YOUR GOAL: From the first line to the last, retype the data below exactly.

THE DATA:
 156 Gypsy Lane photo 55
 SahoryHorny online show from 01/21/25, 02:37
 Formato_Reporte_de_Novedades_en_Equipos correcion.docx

PROBLEM SOLUTION:
 156 Gypsy Lane photo 55
 SahoryHorny online show from 01/21/25, 02:37
 Formato_Reporte_de_Novedades_en_Equipos correcion.docx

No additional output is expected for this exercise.